Wednesday, October 7, 2015

Some practical considerations in arguing for the null

Learning about Bayes Factors can be a very liberating experience (as pointed out by Evie Vergauwe at the ESCOP session about Bayesian analyses and subsequently by Candice Morey in her blog). The main attraction of Bayes Factors is that you can use them to argue for the null hypothesis, which you can’t do with frequentist statistics. This means that you can go back to your file drawer, and make some conclusions based on all of those non-significant results that have probably accumulated over the years (even if the conclusion might be that you can’t draw any conclusions given this data).
When I learned about Bayes Factors just before my thesis submission, I thought: “Sweet! Now I can interpret all of my non-significant results!” I reported Bayes Factors in addition to most of the frequentist analyses, which indeed allowed me to draw some conclusions that would otherwise have been impossible: I provided some evidence for null effects, and showed that for some unexpected statistically significant effects, the Bayes Factor provided equivocal evidence, suggesting that they should not be taken too seriously. Soon I realised, however, that there is more to arguing for a null hypothesis than just calculating a Bayes Factor.
Arguing for the null comes with some challenges that are less relevant if the experiment is simply designed to maximise the chances of getting a significant p-value. Therefore, it is not always meaningful to add Bayes Factors to an analysis ad hoc, if the p-value did not come out as significant. When designing a study with the a priori intention of using Bayes Factor analyses, it is important to ask the question: “Does my design maximise my chances of drawing a meaningful conclusion, regardless of whether I get evidence for H1 or H0?” This is a switch in the mind set of the traditional question, “Does my design maximise my chances of getting a significant p-value?” The latter question is, of course, problematic, because often, when such an experiment yields a non-significant p-value, it can only be discarded. This means that a carefully designed experiment addressing theoretically interesting and practically important questions may well turn into nothing more than a waste of the researcher’s resources and an impediment to scientific progress.
Here, I discuss some practical considerations that I came across in some attempts at arguing for the null. I hope this will be helpful to others who are figuring out how to get the most out of Bayes Factors. If anyone has any further suggestions, I would be very happy to get some feedback!

Sample sizes
Having a large sample size is always important, because small samples are prone to be influenced by extreme chance events. Bayes Factor analyses are somewhat less affected by this problem than frequentist statistics: a frequentist analysis will give you a p-value no matter what, while the Bayes Factor also tells you how confident you should be in the result. If the sample is small, Bayes Factor values are likely to hover around the value of 1, thus providing very little evidence about whether the data is more compatible with H0 or H1. Such an equivocal value tells you that you need more data if you want to draw any conclusions.
However, small-sampled studies should always be taken with a grain of salt, as the law of large numbers still applies. If the effect is small, a population group difference may yield identical means in a small sample. Similarly, a numerical difference between two conditions in the absence of a population effect is more likely in a small than large sample. Therefore, bigger is always better when it comes to sample size.

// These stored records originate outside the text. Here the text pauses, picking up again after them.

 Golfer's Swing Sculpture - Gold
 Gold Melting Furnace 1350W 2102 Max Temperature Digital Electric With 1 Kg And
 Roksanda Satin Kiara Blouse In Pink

Think about the expected effect size
The key point behind Bayes Factor analyses is that they compare the degree to which the data is consistent with a null hypothesis compared to a pre-specified alternative hypothesis. This is good, because it forces the researcher to be specific about the kind of effect she expects. As a drawback, it allows critics to argue that the evidence for the null is due to the use of an unrealistically high prior for the H1 effect size, and that with a smaller prior the Bayes Factor would probably provide evidence for H1. This issue makes it theoretically impossible to be 100% confident that there is no effect. However, some consideration of the minimum effect size that would be of interest would allow the researcher to use this information in the construction of the H1 prior, and to argue that if an effect exists, it is likely to be even smaller than this minimum.

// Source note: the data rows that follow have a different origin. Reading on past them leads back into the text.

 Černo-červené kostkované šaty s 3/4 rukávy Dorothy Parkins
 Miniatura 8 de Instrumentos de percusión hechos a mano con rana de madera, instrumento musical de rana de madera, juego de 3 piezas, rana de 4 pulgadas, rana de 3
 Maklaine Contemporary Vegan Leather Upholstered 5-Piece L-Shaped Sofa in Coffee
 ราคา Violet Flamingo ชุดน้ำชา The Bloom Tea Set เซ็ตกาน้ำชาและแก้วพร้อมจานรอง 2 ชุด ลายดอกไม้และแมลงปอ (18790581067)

Avoid confounds, if possible!
Confounding variables are a bigger problem when arguing for H0 than when arguing for H1. For example, I would really like to know whether statistical learning ability is associated with the ease with which children learn print-to-speech correspondences (as measured, for example, by Grapheme-Phoneme Correspondence, or GPC knowledge). One way to go might be to recruit a large number of children, and measure them on an extensive battery of tests. One could even go all out and design a longitudinal study, to see if statistical learning ability in pre-school predicts GPC knowledge after the onset of reading instruction. We know from previous research that statistical learning ability is correlated with vocabulary knowledge and phonological awareness (Spencer, Kaschak, Jones, & Lonigan), which, in turn, are well-known correlates of reading ability and GPC knowledge. So we want to test vocabulary knowledge, phonological awareness, and word reading skills as well, to be sure that a correlation between statistical learning ability and GPC knowledge is not due to these confounding variables. We also want to test other potentially correlated participant-level factors, such as age, intelligence, attention, etc. We expect all of the variables that we measure to correlate with each other (because this is generally the case with developmental data), so the only meaningful result will be the partial regression coefficient of statistical learning ability on GPC knowledge.
If the partial regression coefficient is significant (or, even better, if the Bayes Factor provides evidence for a model including statistical learning ability as well as all the covariates compared to a model including the covariates only), I can conclude that statistical learning ability is correlated with GPC knowledge over and above the covariates.
If the regression coefficient is not significant, and even if we get evidence for the base model including the covariates only over the alternative model, drawing conclusions is trickier. It is possible that statistical learning ability does not have a direct effect on GPC knowledge, but that it affects vocabulary knowledge, which in turn affects phonological awareness, which in turn affects GPC knowledge. Perhaps one could even strengthen a case for such a potential causal pathway with one of ‘em fancy Structural Equation Models. Given the inter-correlated nature of all my independent variables, however, there would be a large amount of possible mediators, and it is likely that even sophisticated statistical analyses cannot give me much useful information. For example, the relationship between statistical learning ability and GPC knowledge may disappear once we take into account phonological awareness. But then, the relationship between statistical learning ability and phonological awareness may also disappear after we take into account GPC knowledge. Thus, we won’t be able to conclude that one mediates the other, because both causal pathways are equally plausible – as are other causal pathways, such as the possibility that all three variables are affected by yet another confound, such as the child’s attentional capacity.
In short, such large-scale experiments with inter-correlated variables is an example of a design that does not maximise the researcher’s chances of being able to draw meaningful conclusions, regardless of the outcome. This is unfortunate, because such large-scale studies are often very time-consuming (for the researcher and participants) and expensive to run. They could still be useful for exploratory purposes, but they are not the best way to answer questions about the relationship between two variables.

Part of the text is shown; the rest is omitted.